A typical example of the audio signal is a signal generated by receiving vocal sound or musical sound of a piece of music. The term “piece of music” or “music” refers to a time sequence of a plurality of sounds, no matter whether it is all or part of a piece of music created as a single work. Although the bandwidth of each unit band is arbitrary, each unit band may be set to a bandwidth corresponding to, for example, one octave.
In a preferred embodiment of the invention, the difference generation part comprises: a weight generation part that generates a sequence of weights from the component matrix in correspondence to the sequence of the unit periods, the weight corresponding to a series of component values arranged in the frequency axis direction at the corresponding unit period; a difference calculation part that generates each initial difference matrix composed of an array of difference values of component values between each shift matrix and the component matrix; and a correction part that generates each difference matrix by applying the sequence of the weights to each initial difference matrix.

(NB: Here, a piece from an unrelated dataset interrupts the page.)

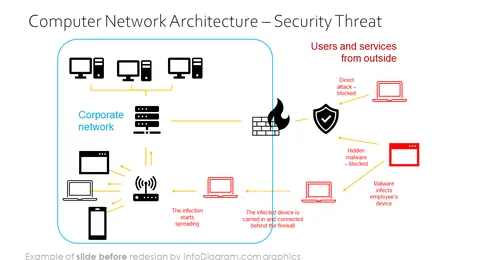 computer network architecture security threat diagram before redesign in powerpoint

In this embodiment, a difference matrix, in which the distribution of difference values arranged in the time-axis direction has been corrected based on the initial difference matrix by applying the weight sequence to the initial difference matrix, is generated. Accordingly, there is an advantage in that it is possible to, for example, generate a tonal feature amount in which the difference between the component matrix and the shift matrix is emphasized for each unit period having large component values of the component matrix (i.e., a tonal feature amount which emphasizes, especially, tones of unit periods, the strength of which is high in the audio signal).
In a preferred embodiment of the invention, the feature amount extraction part generates the tonal feature amount including a series of feature values derived from the component matrix in correspondence to the series of the unit bands, each feature value corresponding to a sequence of component values of the component matrix arranged in the time-axis direction at the corresponding unit band.
In this embodiment, the advantage of ease of estimation of the tone of the audio signal is especially significant since the tonal feature amount includes a feature value series derived from the component matrix, in which the average tonal tendency (frequency characteristic) over the entirety of the audio signal is reflected, in addition to a plurality of feature value series derived from the plurality of difference matrices in which the temporal change tendency of the tone of the audio signal is reflected.
The invention may also be specified as an audio analysis apparatus that compares tonal feature amounts generated respectively for audio signals in each of the above embodiments. An audio analysis apparatus that is preferable for comparing tones of audio signals comprises a storage part that stores a tonal feature amount for each of first and second ones of an audio signal; and a feature comparison part that calculates a similarity index value indicating tonal similarity between the first audio signal and the second audio signal by comparing the tonal feature amounts of the first audio signal and the second audio signal with each other, wherein the tonal feature amount is derived based on a component matrix of the audio signal which is divided into a sequence of unit periods in a time-axis direction and based on a plurality of shift matrices derived from the component matrix, the component matrix being composed of an array of component values, columns of the component matrix corresponding to the sequence of unit periods of the audio signal and rows of the component matrix corresponding to a series of unit bands of the audio signal arranged in a frequency-axis direction, the component value representing a spectrum component of the audio signal belonging to the corresponding unit period and belonging to the corresponding unit band, each shift matrix being obtained by shifting the columns of the component matrix in the time-axis direction with a different shift amount, and wherein the tonal feature amount includes a plurality of series of feature values corresponding to a plurality of difference matrices which are derived from the plurality of the shift matrices, each difference matrix being composed of an array of element values each representing a difference between the corresponding component value of each shift matrix and the corresponding component value of the component matrix, one series of feature values corresponding to the series of unit bands of the difference matrix, one feature value representing a sequence of element values arranged in the time-axis direction at the corresponding unit band of the difference matrix.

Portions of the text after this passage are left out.